== Segment start ==

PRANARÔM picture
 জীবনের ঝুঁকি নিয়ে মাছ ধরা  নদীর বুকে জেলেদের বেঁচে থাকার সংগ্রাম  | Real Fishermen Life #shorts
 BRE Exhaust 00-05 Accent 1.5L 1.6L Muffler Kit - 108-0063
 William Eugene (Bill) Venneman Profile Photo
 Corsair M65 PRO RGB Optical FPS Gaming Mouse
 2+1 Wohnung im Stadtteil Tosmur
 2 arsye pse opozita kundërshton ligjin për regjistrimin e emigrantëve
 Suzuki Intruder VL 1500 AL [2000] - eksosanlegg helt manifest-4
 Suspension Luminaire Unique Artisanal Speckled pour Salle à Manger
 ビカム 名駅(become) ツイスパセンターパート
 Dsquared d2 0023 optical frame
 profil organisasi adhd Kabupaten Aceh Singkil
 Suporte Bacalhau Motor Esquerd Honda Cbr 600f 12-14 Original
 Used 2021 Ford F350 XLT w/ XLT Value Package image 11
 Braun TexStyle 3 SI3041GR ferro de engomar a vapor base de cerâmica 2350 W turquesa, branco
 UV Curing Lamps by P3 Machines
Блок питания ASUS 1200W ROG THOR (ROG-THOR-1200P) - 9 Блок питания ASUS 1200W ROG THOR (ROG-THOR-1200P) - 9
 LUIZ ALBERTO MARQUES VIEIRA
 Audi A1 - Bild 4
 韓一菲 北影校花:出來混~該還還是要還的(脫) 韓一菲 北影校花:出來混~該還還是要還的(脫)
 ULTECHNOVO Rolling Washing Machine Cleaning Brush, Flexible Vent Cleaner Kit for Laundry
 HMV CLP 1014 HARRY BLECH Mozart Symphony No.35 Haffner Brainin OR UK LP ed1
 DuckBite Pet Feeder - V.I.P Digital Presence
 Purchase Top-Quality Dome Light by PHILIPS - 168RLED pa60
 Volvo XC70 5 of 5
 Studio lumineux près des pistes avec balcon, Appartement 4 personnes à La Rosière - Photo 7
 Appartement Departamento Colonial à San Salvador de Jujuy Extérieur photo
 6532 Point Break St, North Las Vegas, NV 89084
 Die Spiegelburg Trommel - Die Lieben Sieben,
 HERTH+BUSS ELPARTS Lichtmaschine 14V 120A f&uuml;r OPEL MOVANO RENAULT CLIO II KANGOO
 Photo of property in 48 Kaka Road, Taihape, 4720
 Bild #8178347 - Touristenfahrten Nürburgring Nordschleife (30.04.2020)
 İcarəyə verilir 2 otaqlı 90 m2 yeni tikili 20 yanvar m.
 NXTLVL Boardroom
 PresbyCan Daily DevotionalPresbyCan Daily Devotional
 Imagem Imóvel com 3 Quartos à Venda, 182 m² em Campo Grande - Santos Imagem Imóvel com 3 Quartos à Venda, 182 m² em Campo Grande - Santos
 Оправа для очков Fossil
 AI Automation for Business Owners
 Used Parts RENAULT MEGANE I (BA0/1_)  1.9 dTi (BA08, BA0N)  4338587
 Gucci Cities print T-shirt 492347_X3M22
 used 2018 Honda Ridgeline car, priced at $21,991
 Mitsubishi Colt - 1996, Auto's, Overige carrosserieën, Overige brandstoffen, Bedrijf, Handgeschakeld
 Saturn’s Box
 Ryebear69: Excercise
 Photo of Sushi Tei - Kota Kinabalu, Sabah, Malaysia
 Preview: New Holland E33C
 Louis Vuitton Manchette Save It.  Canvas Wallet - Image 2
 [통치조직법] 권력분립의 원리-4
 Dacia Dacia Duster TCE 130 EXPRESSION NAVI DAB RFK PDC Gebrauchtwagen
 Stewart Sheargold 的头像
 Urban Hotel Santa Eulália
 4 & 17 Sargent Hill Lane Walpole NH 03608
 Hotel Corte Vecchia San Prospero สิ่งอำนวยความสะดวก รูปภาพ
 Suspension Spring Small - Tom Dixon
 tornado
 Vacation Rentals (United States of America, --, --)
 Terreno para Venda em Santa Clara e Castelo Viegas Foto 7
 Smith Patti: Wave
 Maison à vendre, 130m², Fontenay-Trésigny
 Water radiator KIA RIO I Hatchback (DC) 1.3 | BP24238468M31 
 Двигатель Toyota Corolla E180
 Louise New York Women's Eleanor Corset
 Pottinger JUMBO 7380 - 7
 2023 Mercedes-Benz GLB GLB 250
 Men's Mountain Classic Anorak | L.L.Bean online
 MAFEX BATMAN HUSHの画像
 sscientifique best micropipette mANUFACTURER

== Segment end ==

[What you need to do]:
Where a line contains the word "Honda", copy that line from the listing above.

[Your solution]:
 Suporte Bacalhau Motor Esquerd Honda Cbr 600f 12-14 Original
 used 2018 Honda Ridgeline car, priced at $21,991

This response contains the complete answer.